INSTRUCTIONS TO FOLLOW: Take the lines below from the one with "Aizsargtelefona maciņš iKins" through the one with "ESPRO P1 12" and retype them exactly. Include nothing else, and no pictures.

TASK INPUT:
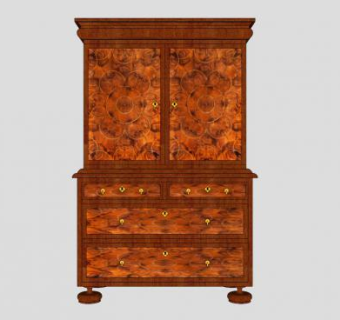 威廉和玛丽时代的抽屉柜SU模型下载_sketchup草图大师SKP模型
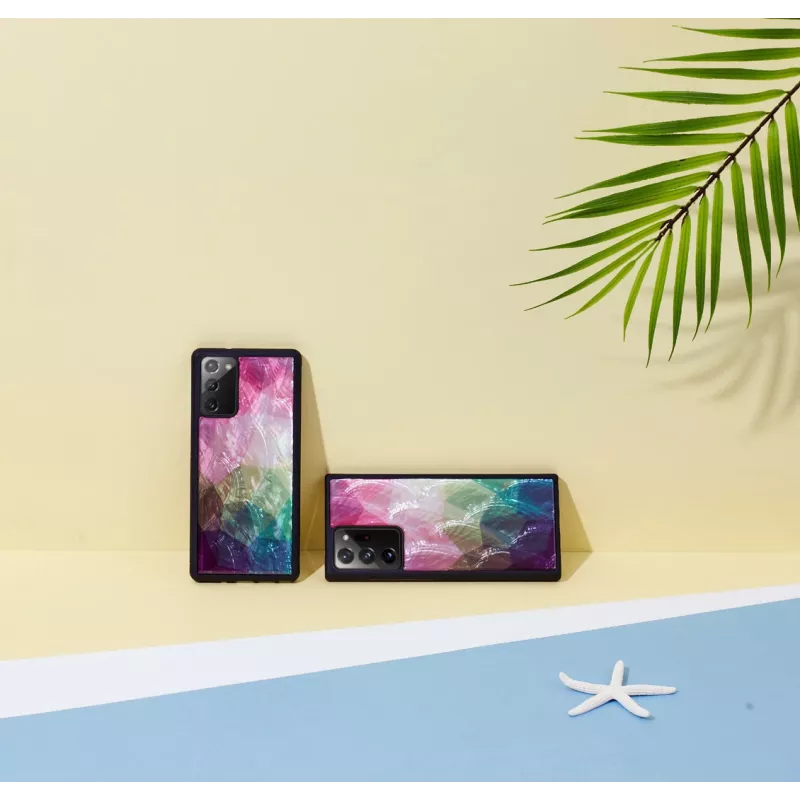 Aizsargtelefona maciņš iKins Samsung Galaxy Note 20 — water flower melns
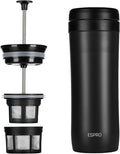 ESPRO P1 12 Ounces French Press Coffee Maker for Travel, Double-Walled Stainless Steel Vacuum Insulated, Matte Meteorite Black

...

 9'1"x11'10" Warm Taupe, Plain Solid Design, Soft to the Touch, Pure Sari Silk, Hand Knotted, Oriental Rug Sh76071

SOLUTION TO THIS PROBLEM:
 Aizsargtelefona maciņš iKins Samsung Galaxy Note 20 — water flower melns
 ESPRO P1 12 Ounces French Press Coffee Maker for Travel, Double-Walled Stainless Steel Vacuum Insulated, Matte Meteorite Black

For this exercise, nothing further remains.